Being a highly-stressed component and working as a result of mechanical stress, it is therefore prone to failing. In this article we will see how to make the step-by-step adjustment of the rear gear box.
Here are the six steps you can take to fix bicycle gear step by step:
Before we can look at how to fix the bicycle gear, let’s look at its operation.
How does bicycle gear work?
Some bicycles are equipped with a derailleur-changing system that changes gears by derailing the chain, passing from one tooth or one sprocket to another.
The transmission system consists of all those parts of the bicycle that allow the derailleur to change gears, including the front derailleur or rear derailleur, the gearbox controls, the transmission cables, the transmission chain.
By reducing the ratio, by actuating the gearshift controls, the chain is moved towards the inside of the bicycle, allowing you to accelerate and ride easier and more comfortably.
Increasing the ratio, again by actuating the gearshift controls, causes the chain to move out of the bicycle, allowing you to acquire greater speed while pedaling.
To be able to vary the ratios correctly, it is always necessary for the chain to be tensioned. It is therefore necessary to always pedal forward to guarantee the exchange system to carry out its work correctly.
Warning: Operating the transmission system while pedaling backwards may cause the chain to fall, causing it to become jammed, thus causing serious damage to the bicycle and a possible loss of control resulting in a fall.
1) Front derailleur:
The front derailleur is controlled by the control on the left. Reducing the ratio by selecting a smaller gear makes pedaling easier. Increasing the ratio by selecting a larger gear, makes the ride more challenging but allows you to gain speed.
2) Rear derailleur:
The rear derailleur is controlled by the control located on the right. By moving the chain from a small gear to a larger one, the ratio is shortened, making the pedaling more agile with a lower requirement for physical effort.
By moving the chain from a large gear to a smaller one, the ratio lengthens, making the ride harder but allowing, through greater physical effort, to reach higher speeds.
A correctly adjusted derailleur system should not give problems. If an unusual noise follows every gear change, it is possible that the derailleur cable should be adjusted. If, after adjustment, the noise persists or increases in intensity, stop the bicycle and try to identify the source of the noise.
Refer to the dealer to identify and eliminate problems and set up a proper adjustment of the derailleur system. The adjustment of the front derailleur must be carried out with the bicycle securely held in a work support or with someone who keeps the rear wheel raised off the ground, so that the transmission and the transmission system can be activated while the bicycle remains stationary.

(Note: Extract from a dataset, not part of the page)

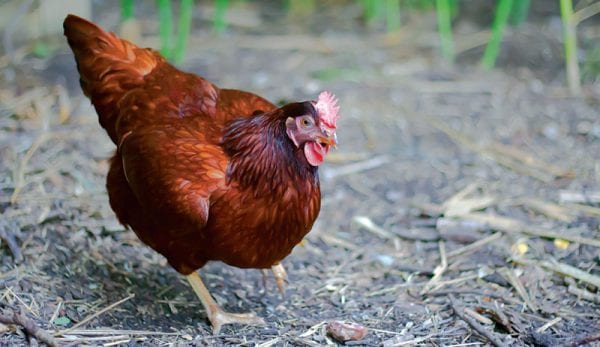 Tavuk ırkları önemli ölçüde farklıdır. Bu nedenle, ırkları seçerken sizin için neyin önemli olduğunu (ete, davranışa, yer gereksinimlerine, hava şartlarına dayanıklılığa) dikkat edin. Tavuklarınız rahatsa - çok sıcak veya soğuk değil - daha fazla yumurta ve daha iyi et üretecek ve onlar da daha sağlıklı olacak. Sonunda, tavuklarınızın neye ihtiyacı olduğunu ve neler sunduğunuzu araştırın. Sürüsünüzün mutlu ve üretken olmasını sağlamanın uzun bir yolu olacak.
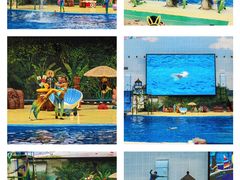 -海合安天津极地海洋公园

Adjustment of the low travel position of the front derailleur
1. Move the chain on the smaller front rim and on the tooth of the larger cassette.
2. Loosen the clamping bolt of the front derailleur cable until the cable is free.
3. Turn the low travel adjusting screw (marked with “L” until the inner derailleur chain guide is about 0.5 mm from the chain
4. Pull the end of the cable and shift downwards the left shift lever a few times so that it is in the position of the small chain crown
5. Turn the shift cable adjusting cylinder to its most extreme position clockwise.
6. Insert the cable into the groove next to the derailleur cable tightening bolt, tighten the cable and tighten it: check the “Tightening torques” table.
Adjusting the high gear position of the front derailleur
1. Move the rear derailleur to the smallest rear tooth.
2. Turn the high-speed adjustment screw (marked “H”) clockwise so that it cannot interfere with the movement of the front derailleur.
3. While turning the crank by hand, use the shift device to carefully move the chain on the outermost rim.
4. With the shift device, place the outer chain guide of the front derailleur approximately 0.5 mm from the chain.
5. Re-tighten the high-speed adjusting screw until it meets resistance.
If the screw has been tightened too much, the front derailleur will move towards the small chain ring.
Adjustment of the mid-travel position of the front derailleur, with three chain crowns
1. Move the chain on the larger front ring and on the smaller rear tooth.
2. Turn the cylindrical tension regulator of the chain (on the lower tube or lever) counterclockwise increasing the tension of the cable to align the inner derailleur cage until it touches the chain.
Test the various gear combinations to make sure that the chain is easily aligned with all chain crowns.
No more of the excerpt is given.